Design Beyond Production
With the exhibition Design beyond Production curated by Karen
Verschooren, Z33 aims to add critical reflection to the production
of objects, services and information in a networked society.
It does so not so much by focusing on the end result of the
production system, but rather on the position of the maker or
worker, a figure who is often neglected in the recent discourse on
new production methods and systems like at-home 3D printing or
crowdsourcing.
“Design is politics. The products and systems we design have
an influence on how we live, how we organize our society, even on
how we think. In the design of our production systems, the values
and norms of our society become visible,” argues Jan Boelen,
the artistic director of Z33, writing in the exhibition's
catalogue. “The design world cannot ignore this and carries a
tremendous responsibility.”
Upon entering the former béguinage houses in which Design
beyond Production takes place, one is immediately greeted with the
grim, dehumanizing future scenario of Mercenary Cubiclists by
Tobias Revell. In a set of manipulated photographs, flanked by a
video installation and a 3D printed model, Revell depicts the
fictional British town of Galtham, an old miners city where digital
data is harvest by "taskumers". In exchange for these digital
goods, the exploited taskumers receive points with which they can
buy resources in their city.
In a twist on reality - but contemporary with current shifting
geopolitical realities - the consumers of the harvested data are
the inhabitants of the Chinese eco-city of Desert Heaven, the
western knowledge-based economy turned into a crowdsourced
intellectual sweatshop.
Bande à part by Israeli designer Tal Erez similarly
investigates (albeit in a more subtle fashion) a near-future
scenario in which every home has a 3D printer linked together to
form a distributed factory. As traditional roles, such as
"consumer", "worker", "producer" or "designer" are changing and
becoming more obscure, the project questions what this will mean on
ethical, social and political levels for both consumers and
designers.
Both projects implicitly criticise and question existing production
and trade platforms like Amazon’s Mechanical Turk, at-home 3D
printing or carbon emission trading. With three of the four works
in Design beyond Production born out of the digitization of our
society, one can read the exhibition as a critical reflection on
works such as In the Next Industrial Revolution, Atoms Are the New
Bits, the optimistic 2010 essay by Chris Anderson, former
editor-in-chief of Wired magazine.
The documentary film from Harun Farocki, Ein Neues Produkt (a new
product), reflects on the work of the German company Quickborner
Team, a consultancy business specialised in optimising the
efficiency of work environments in the knowledge industry. The
recognisable use of flip-charts, post-its, simulations and hollow,
semi-intellectual language, leaves the visitor with a disturbed but
fascinated feeling. Labour is seen here as a good that can be
produced more efficiently; something that can be optimised to
maximise profit.
Farocki has a recognisably neutral style. He only documents, he
doesn’t interfere; there is no commentary voiceover, no
information beyond that which is said in the meetings of
Quickborner Team. As a result, the documentary is far more
disturbing than the extreme fiction of Mercenary Cubiclists.

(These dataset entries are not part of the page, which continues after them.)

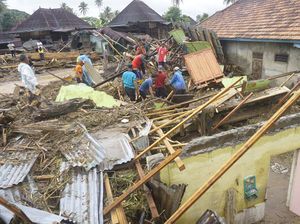 Potret Ganasnya Banjir Bandang yang Terjang Lahat Sumsel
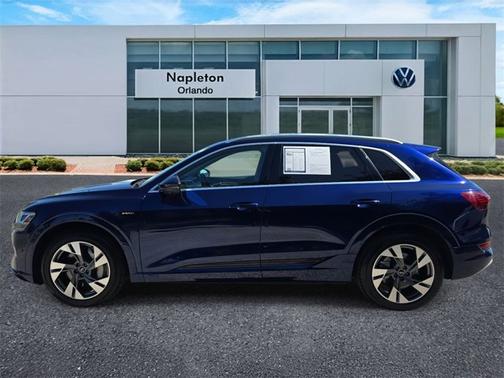2021 Audi e-tron Premium Plus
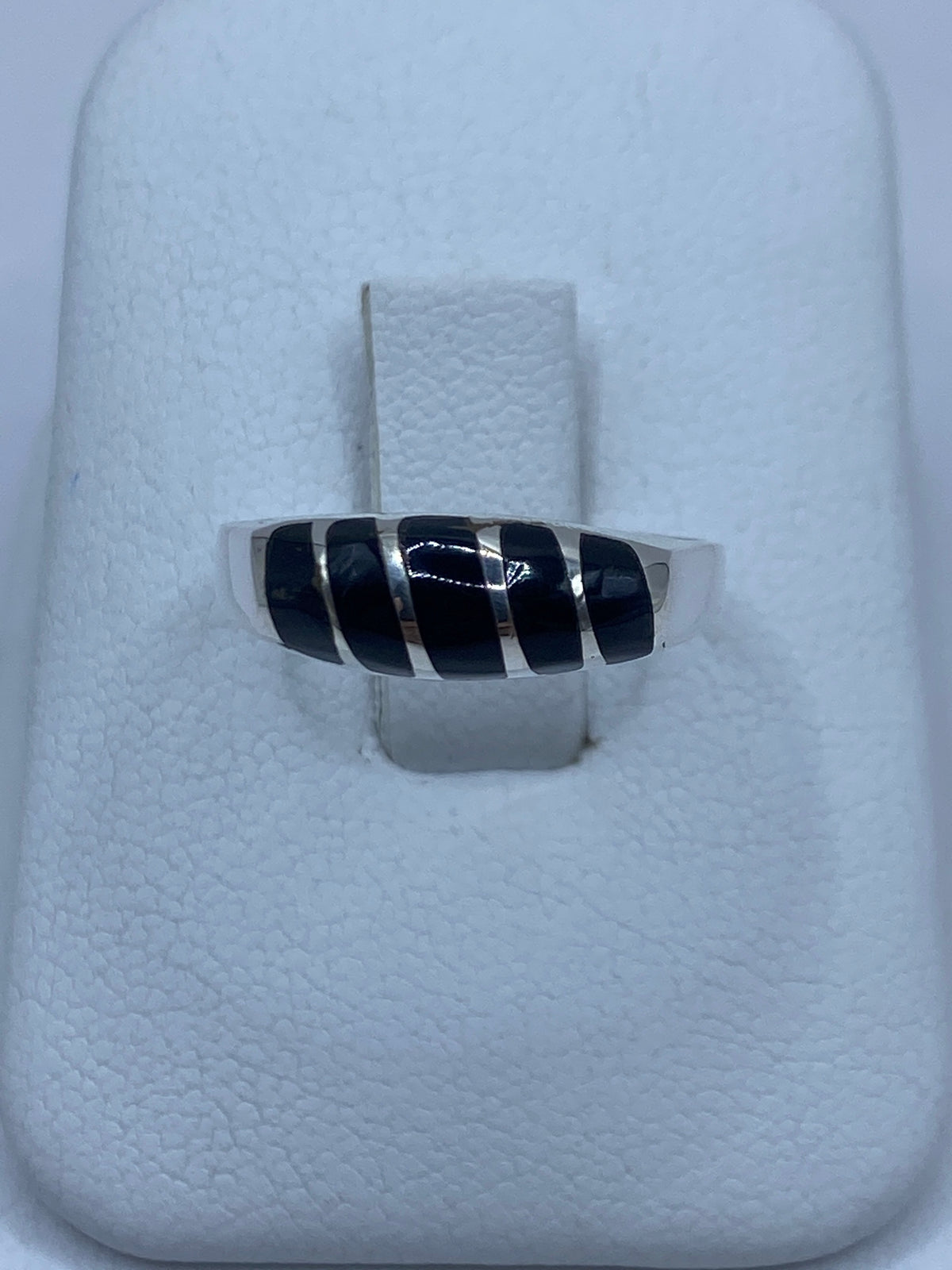 Anillo de plata 925 con ónix negro pulido en talla 7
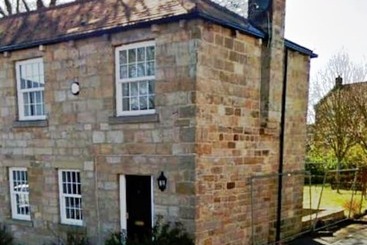 Cheerful 2 Bed Cottage With 2 Free Parking, Leeds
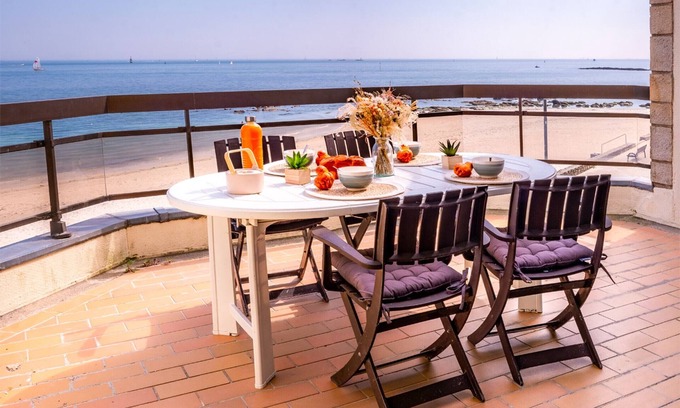 Larmor-Plage Apartment | Larmor-Plage Spacious 3BR with Terrace, Elevator, and Parking by the Sea
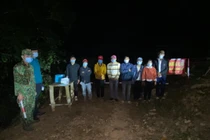 Bắt 8 đối tượng xuất cảnh trái phép từ Việt Nam sang Lào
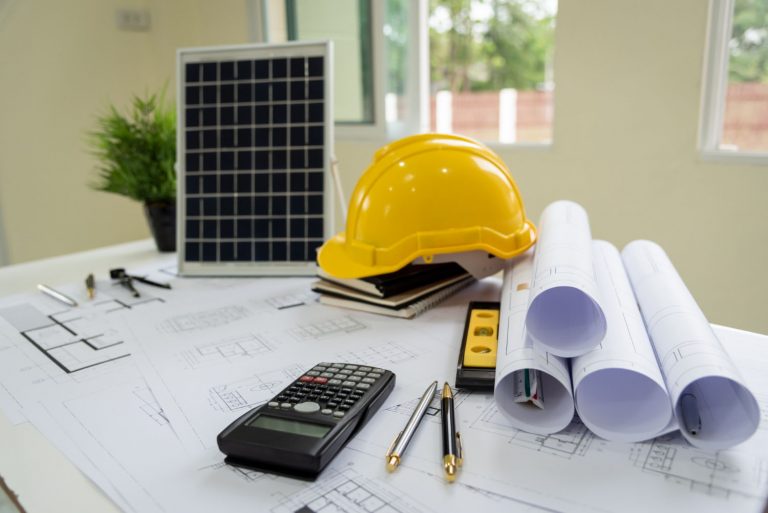 Architectes travaillant sur un projet de maison économe en énergie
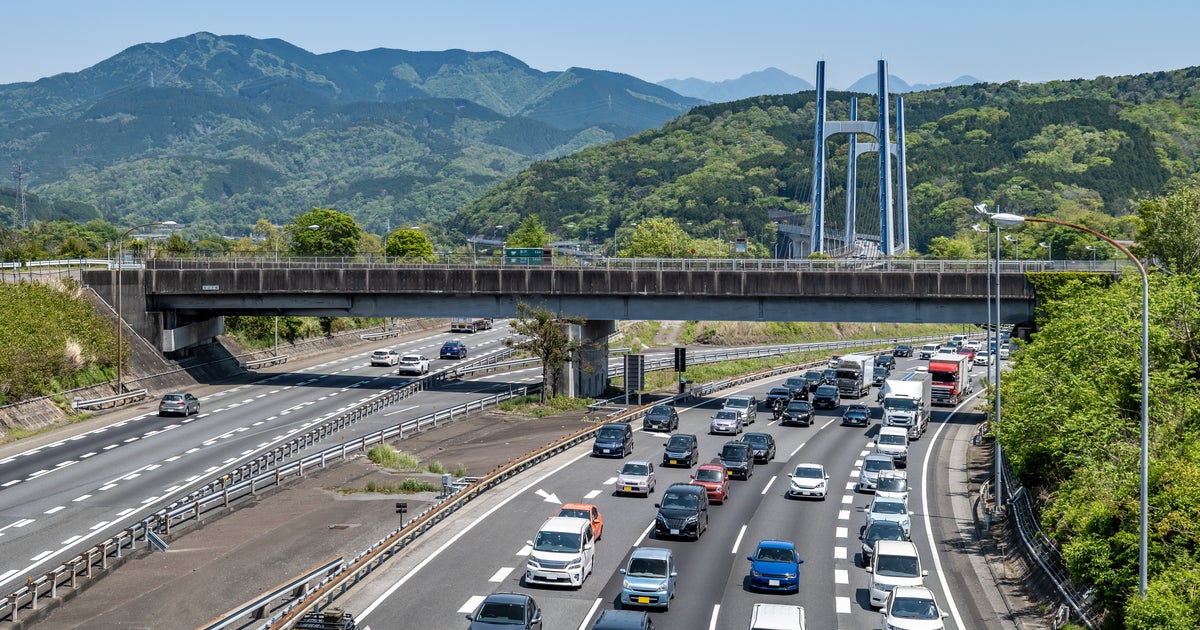 高速道路の中央分離帯から炎と煙…NEXCOが「ポイ捨て火災」の動画を公開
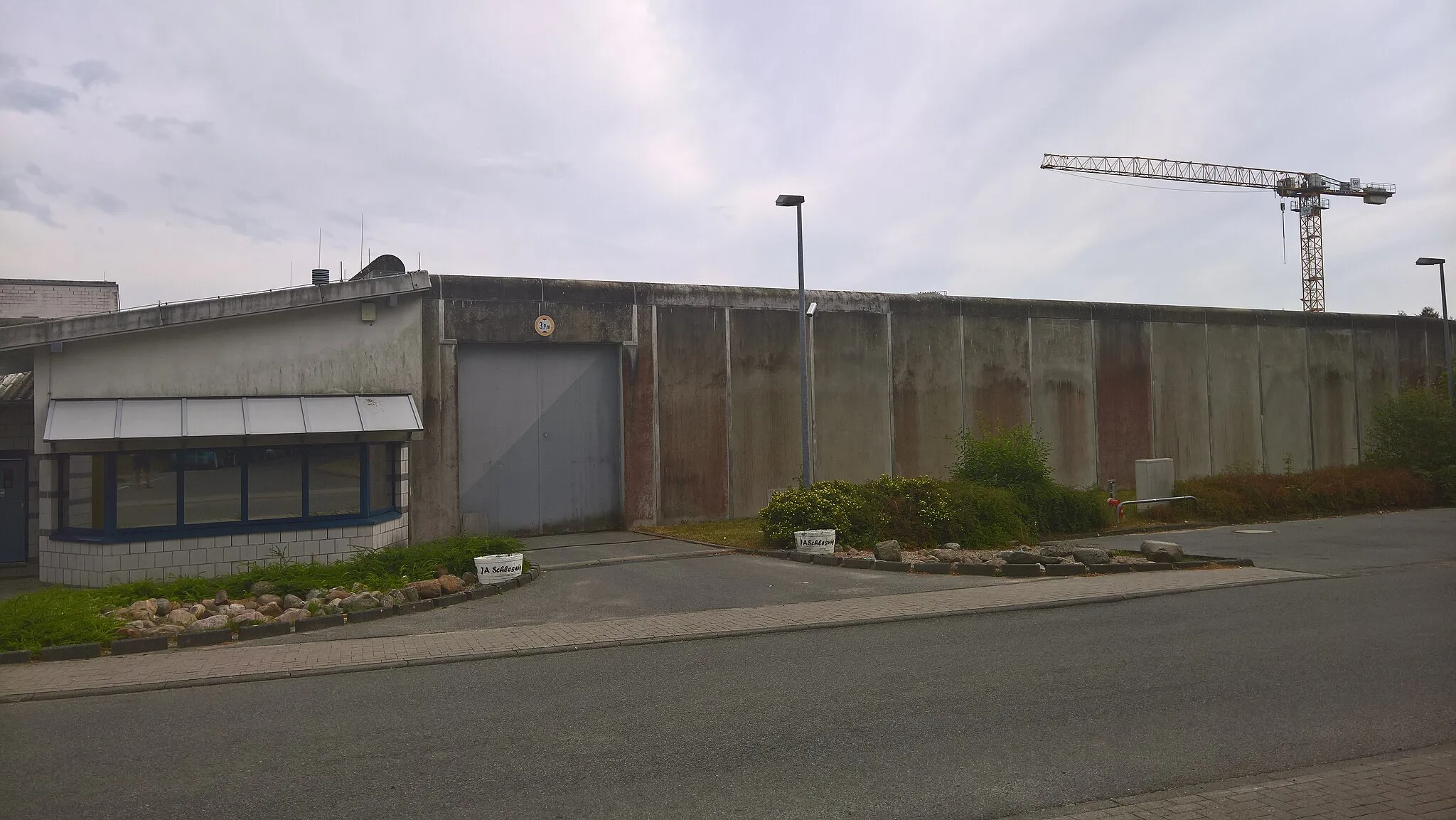 Photo showing: Blick auf das Wachhaus und das Tor, sowie den Kran auf der Baustelle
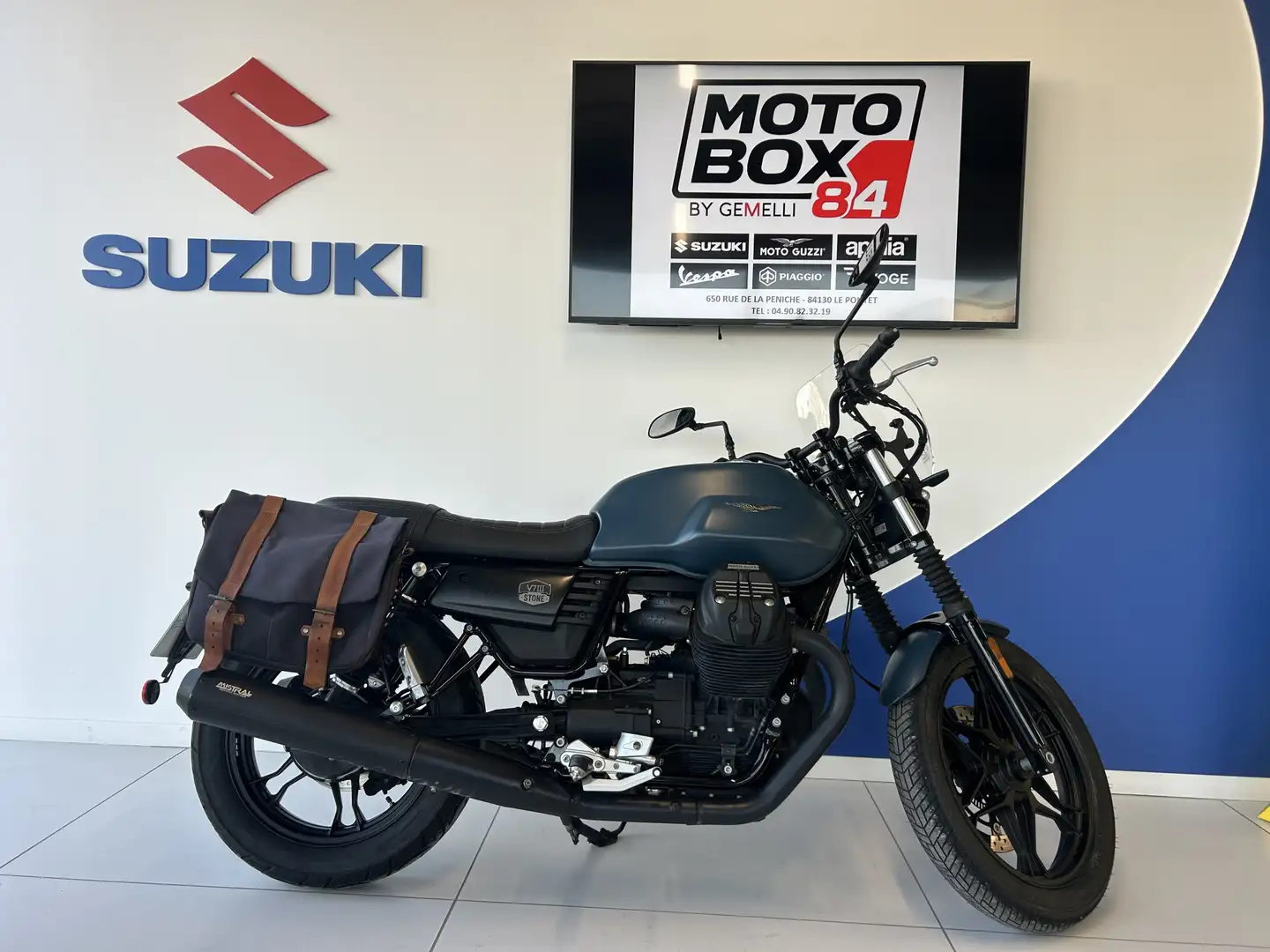 Moto Guzzi V 7 Azul - 2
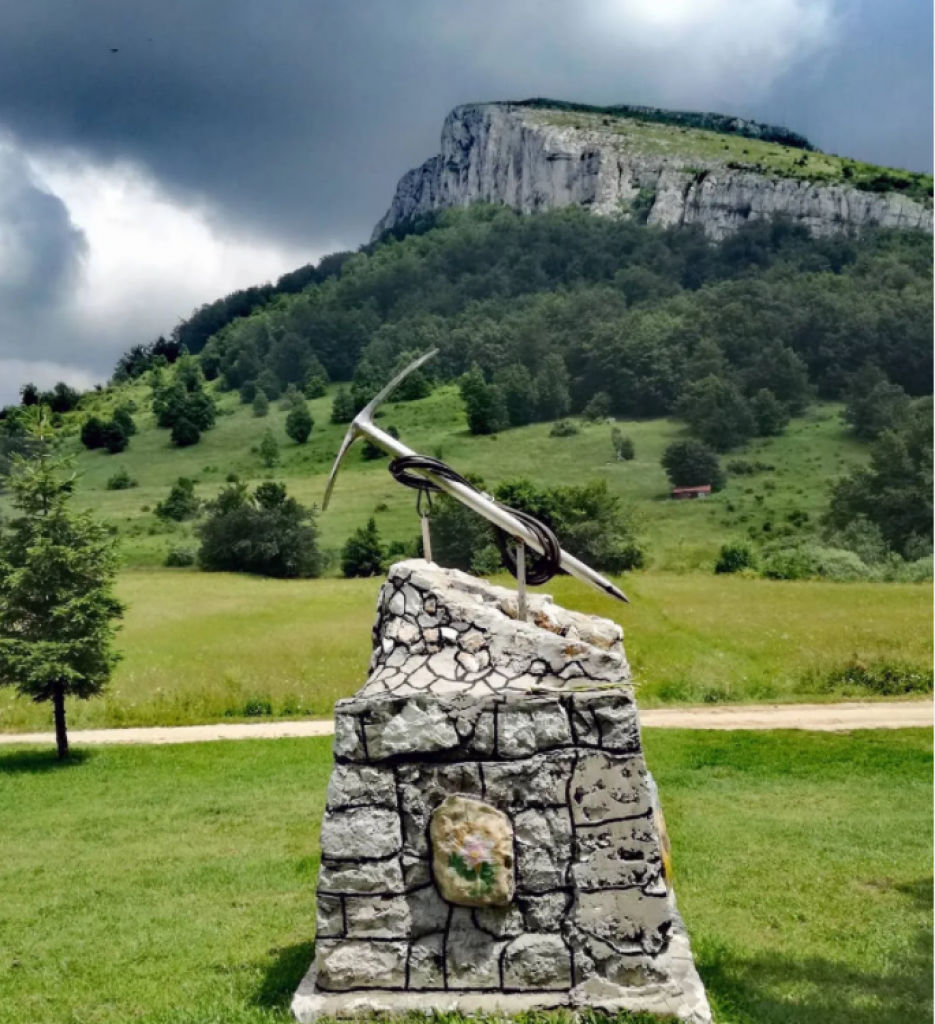 PLANINA KOJA IMA OBLIK TRAPEZOIDA Izuzetno atraktivna, privlači veliki broj planinara i izletnika (VIDEO)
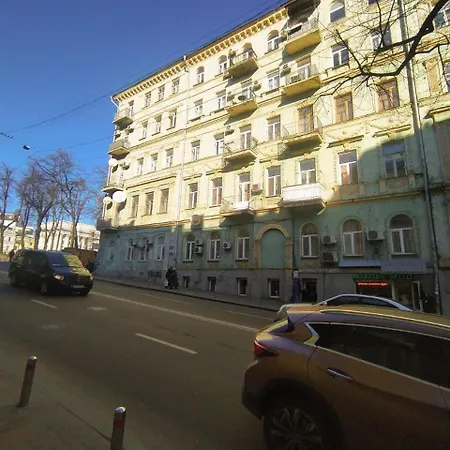 Apartment світло є! історичний центр! Kiew
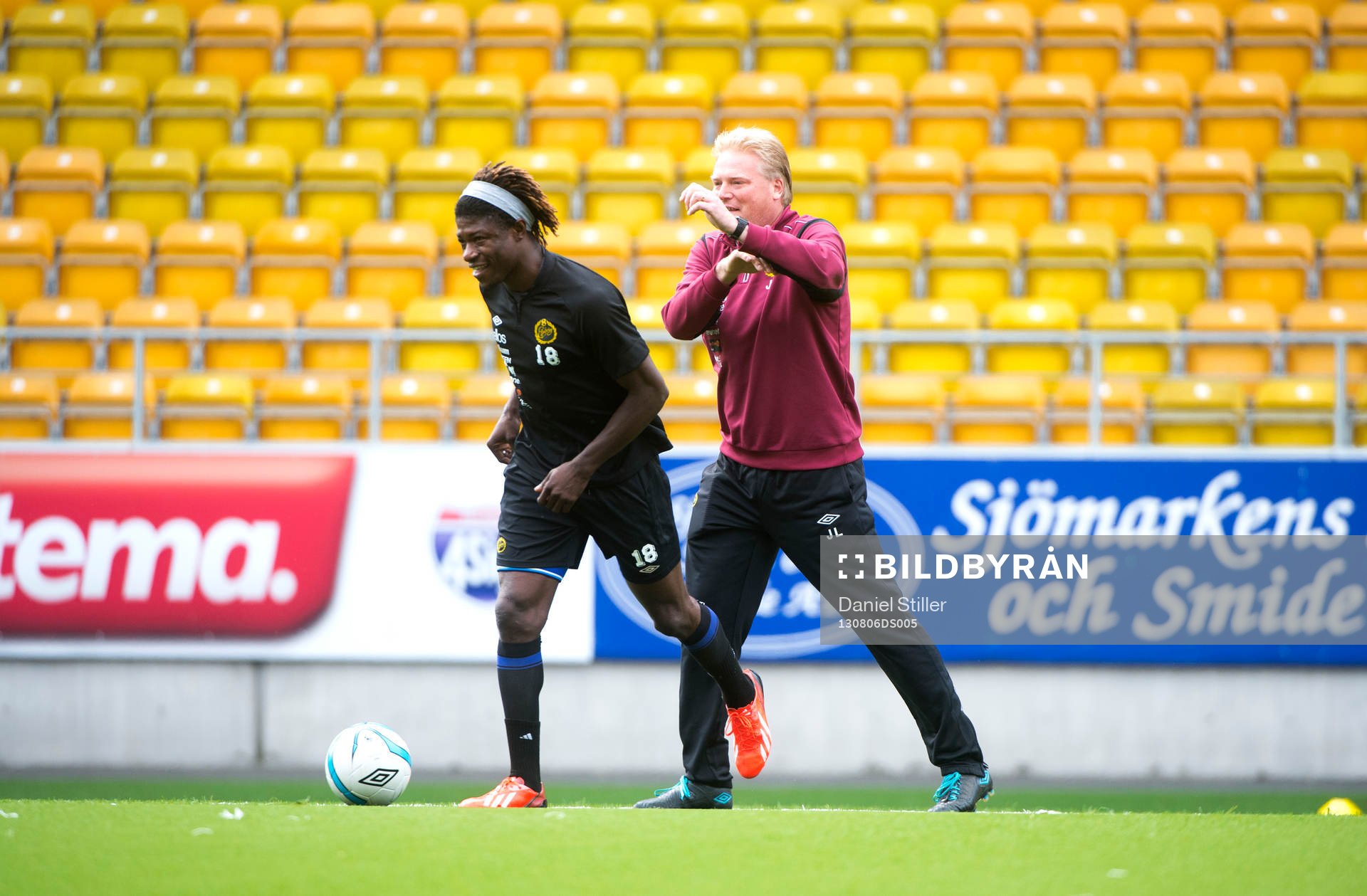 Mohamed Bangura och Jörgen Lennartsson, tränare, Elfsborg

For his ERRATUM® project, Jeremy Hutchison invited workers to
insert an error into the products they typically produce, with the
resulting objects presented as a dysfunctional luxury brand. The
results are trumpets with missing tubing, misshapen footballs,
collapsing walking sticks and cheese graters with no serrating
edge.
Yet the useless products aren’t the most interesting part of
the installation. The real gem is in the long conversations
Hutchison had over e-mail with factories and their workers.
Hutchison used the trade platform Alibaba to get in contact with
several producers in China. Initial reactions to his request to
produce a product with an error are disbelieving, the factories not
understanding what Hutchinson wants.
But the message chains grow into very personal conversations,
peeling away the corporate facade and showing the insides of far
away production facilities, something that has not been possible
with such ease before. The project tells a story about
communication, and about making an anonymous factory worker into an
artist and a human being by giving them the freedom to produce
something unique in their own way.
Design beyond Production clearly opens the debate on the place of
the maker within existing and new production systems. For people
who are not well trained in the design discourse, Farocki and
Hutchison's projects are more open, yet all projects create an
unease about the way in which production may develop.
This exhibition particularly addresses designers, telling them to
be aware of being too optimistic, without being critical. Designers
often try to predict the future, but we rarely succeed.